« Pour l'instant, par exemple, la rougeole et la rubéole font de nouveau rage en Europe », a déclaré l'eurodéputée autrichienne Karin Kadenbach lors d'un atelier sur les vaccins, lors du forum qui a rassemblé des décideurs politiques vendredi (5 octobre).
« L'Organisation mondiale de la santé a donc dû repousser son objectif de maîtrise de ces maladies d'ici 2010 à 2015 », a-t-elle ajouté. « Cette situation résulte d'une baisse du taux de vaccination, ce qui mène à une hausse des infections. »
Il serait possible d'empêcher les virus de la rougeole de circuler si 95 % de la population était inoculée, a-t-elle précisé. Les taux de vaccination demeurent toutefois clairement insuffisants dans 53 pays de la région européenne de l'OMS pour enrayer cette maladie extrêmement contagieuse. De récentes études montrent qu'entre 2010 et 2011, le nombre de cas de rougeole a été multiplié par quatre dans l'UE.
Lassitude, scepticisme et coûts
Mme Kadenbach a expliqué que les souvenirs de la victoire de l'Europe contre la polio et la variole s'amenuisaient. La vaccination est victime de son propre succès. La nécessité de se faire vacciner est de moins en moins respectée et la population tend à penser que les injections sont inutiles.
Les coûts sont un autre élément qui empêche de nombreuses personnes de se faire vacciner. C'est notamment le cas des vaccins contre la grippe, a-t-elle affirmé. Les pays qui ont dépensé le moins d'argent pour le financement des vaccins contre la grippe saisonnière ont enregistré le plus faible taux de couverture. L'Autriche, la Pologne et la République tchèque ont les taux de couverture les moins élevés d'Europe.
L'expert de la Banque mondiale pour la santé Armin Fidler a expliqué aux participants du forum que l'immunisation faisait partie des interventions sanitaires les plus rentables, mais que les budgets en baisse pour les soins de santé mettaient en péril la vaccination.
Les pays en développement à la pointe
Cet expert de la Banque mondiale a ajouté que la question de la gratuité de ces interventions médicales ne concernait pas que les pays en développement, souvent à la pointe dans leur approche.
« Dans de nombreux pays à revenu faible ou intermédiaire, les personnes en charge du budget pour la santé sont non seulement prêts à rendre l'immunisation gratuite, mais aussi à payer les citoyens pour qu'ils se fassent vacciner et que le taux de vaccination grimpe par la même occasion.
Dans des pays comme le Brésil, le Mexique et la Turquie, certains services sociaux, comme les frais de scolarité sont liés à la vaccination », a expliqué M. Fidler, affirmant que ces « transferts d'argent conditionnels » donnaient des résultats et devraient être exportés dans d'autres pays.

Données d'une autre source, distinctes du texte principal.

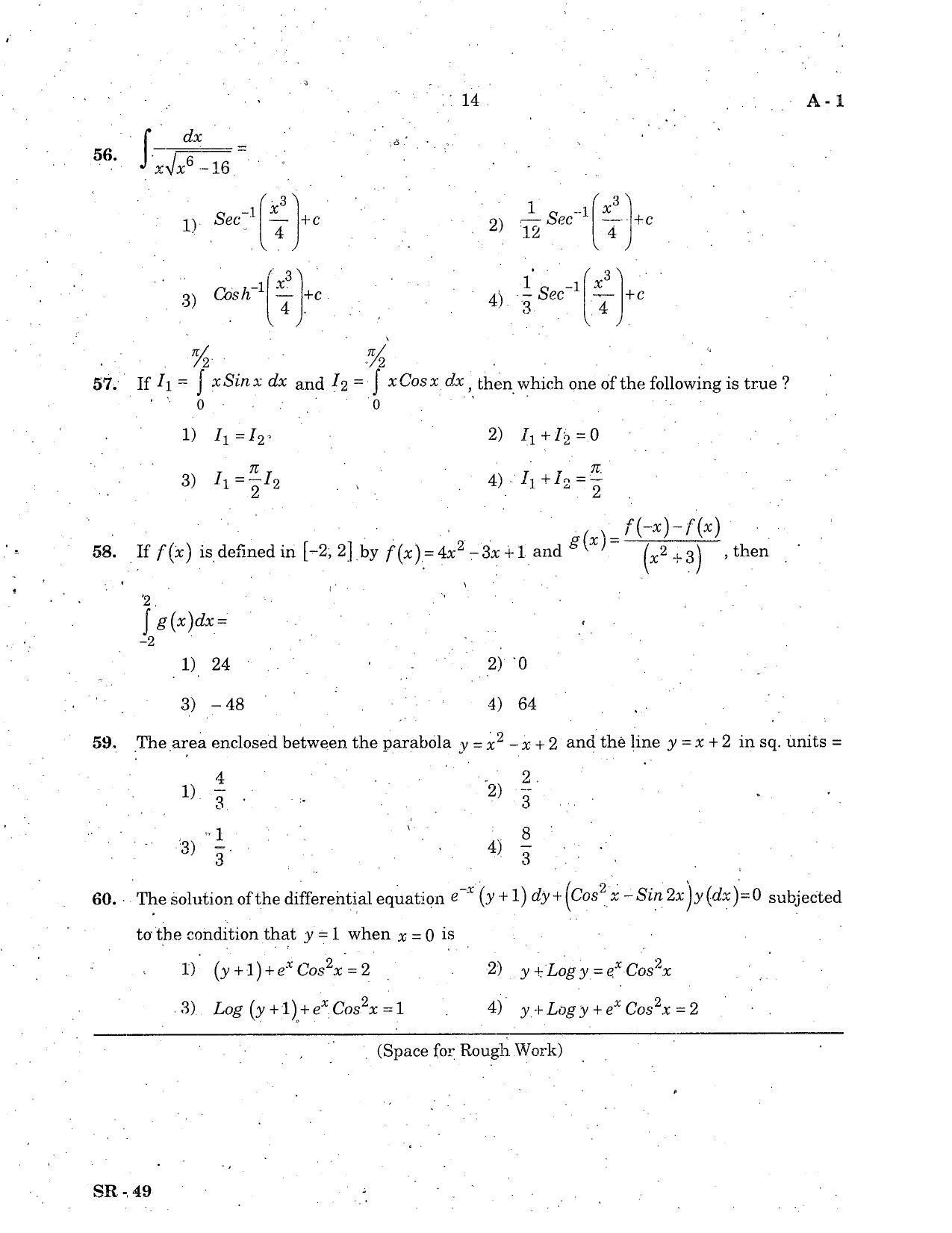 KCET Mathematics 2006 Question Papers - Page 14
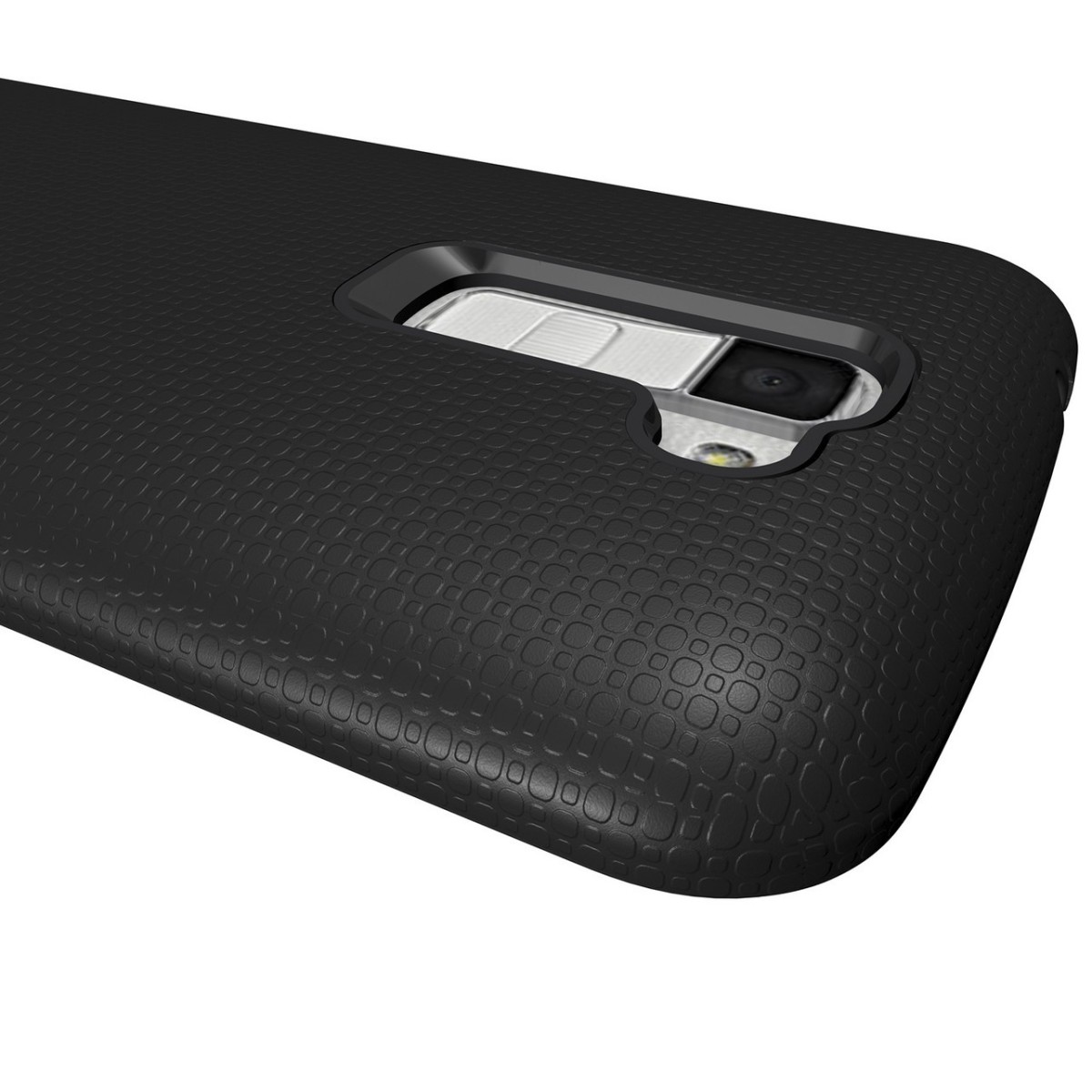 Funda Tipo Armor Rugged (Pc+Tpu) Negra para Lg K10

Internet alimente les craintes de la vaccination
Mme Kadenbach a appelé à une initiative européenne qui rassemblerait les experts de santé et les décideurs politiques, en vue de soutenir les programmes de vaccination sur le plan politique. « Si nous n'agissons pas, les risques de voir ces maladies très contagieuses resurgir dans la région de l'OMS réapparaîtront, entraînant souffrance, handicaps et mort », a-t-elle affirmé.
Internet constituerait une autre entrave à la vaccination, ont pu entendre les participants à un autre séminaire sur l'impact des médias sociaux dans ce domaine.
« Internet regorge de sites de désinformation et certaines personnes organisent des campagnes contre la vaccination en effrayant les parents pour qu'ils ne vaccinent pas leurs enfants », a expliqué John McConnell, journaliste de la revue The Lancet Infectious Diseases.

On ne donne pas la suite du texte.